Frau Simmenauer, Sie begleiten und beobachten beeindruckende Musikerkarrieren. Nicht jedes große Talent wird aber automatisch auch ein erfolgreicher Profimusiker, eine erfolgreiche Profimusikerin. Ist der große Durchbruch auch eine Frage des richtigen Timings?
Sonia Simmenauer: Es ist erst mal die Frage, ob es einen Durchbruch geben muss oder ob es etwas ganz organisch wachsen kann, was dann nie so richtig zu spüren ist, dass es jetzt gerade der Moment ist, sondern dass es eben … irgendwann mal guckt man zurück und sagt, so weit ist er oder sie gekommen. Und das ist da, wo die Zeit eine Rolle spielt.
Ellmenreich: Verstehe ich Sie richtig, Sie plädieren für Geduld und für die Fähigkeit, der Zeit ihren Lauf zu lassen und nicht gleich so ergebnis- und gleich so karriereorientiert zu sein?
Simmenauer: Das auf jeden Fall, es gibt aber Ausnahmen natürlich: Es gibt welche, die ganz, ganz jung durchschießen, weil ihr Talent so enorm groß ist. Ich denke gerade an Herrn Trifonow, der wirklich innerhalb von nur ein paar Jahren von keinem Namen zu einem Gott des Klaviers geworden ist. Ein anderer ist Igor Levit, der auch sehr, sehr schnell Karriere gemacht hat, und es sind keine Schnellschusskarrieren, sondern es sind auch sehr fundierte Karrieren. Andere brauchen 20 Jahre, 25 Jahre, andere fangen mit 60 an. Ich nenne da nur Herrn Sokolow, der sehr, sehr spät als der ganz große, der er ist, erkannt wurde.

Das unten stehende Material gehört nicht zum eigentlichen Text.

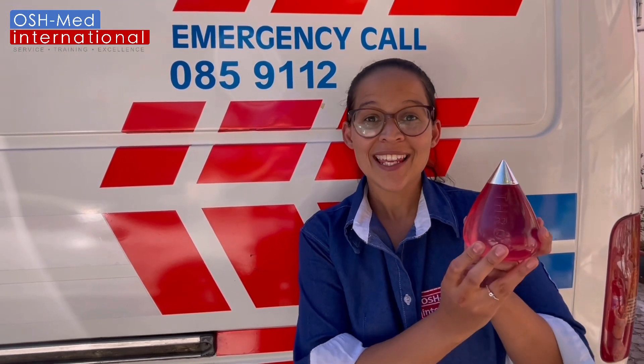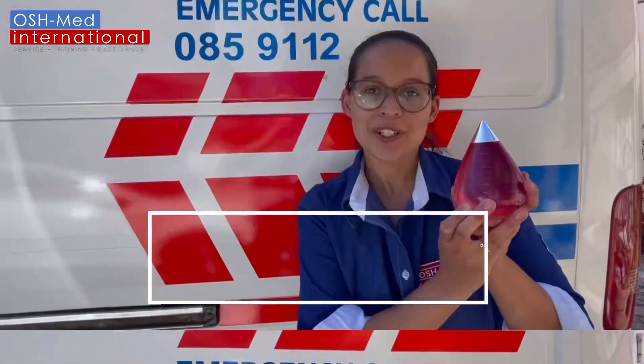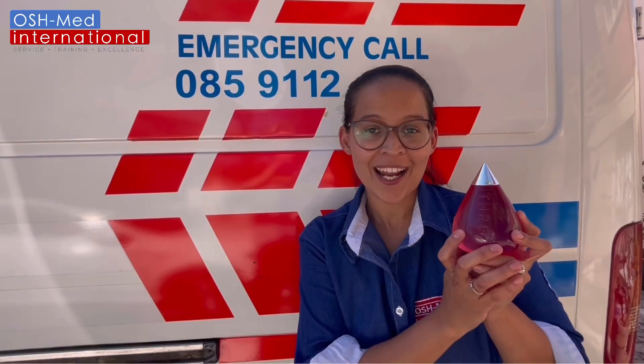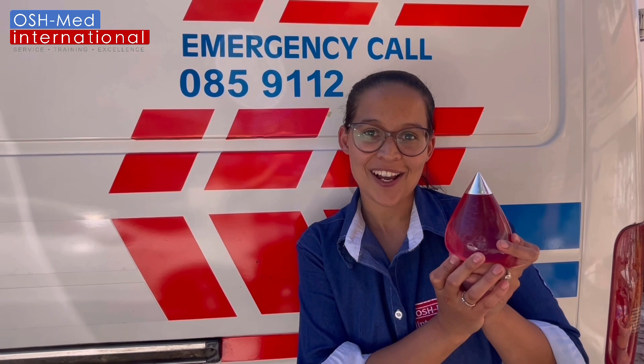This is the throw, the easiest way to extinguish a fire. You just aim directly, throw directly to the fire and the fire is out.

Ellmenreich: Aber Wunderkinder, also Musiker, die ganz, ganz früh schon großes Talent zeigen und auch auf den Bühnen präsentiert werden, die haben schon einen ganz besonderen Wert, also die Kürze der Zeit, die kurze Karriere hat schon auch ihren Reiz in diesem Musikbusiness, oder?
Simmenauer: Leider ja. Es wird in jedem Kind ein Wunderkind gesucht, und das ist sehr, sehr schade. Es gibt Ausnahmen, aber die Regel ist, es braucht Zeit.
"Die Lust an dem Geliebtwerden ist doch eine sehr große Gefahr"
Ellmenreich: Die leider viel zu jung verstorbene Pianistin Mihaela Ursuleasa war so ein sogenanntes Wunderkind und hat, als sie so 12, 13 Jahre alt war, von dem Dirigenten Claudio Abbado den Rat bekommen, sich Zeit zu lassen, also für ihre schulische, aber auch insbesondere für ihre musikalische Entwicklung. Ist das also ein Rat, den vielleicht auch andere junge Shooting Stars der Klassik viel häufiger erhalten sollten, sich Zeit zu lassen?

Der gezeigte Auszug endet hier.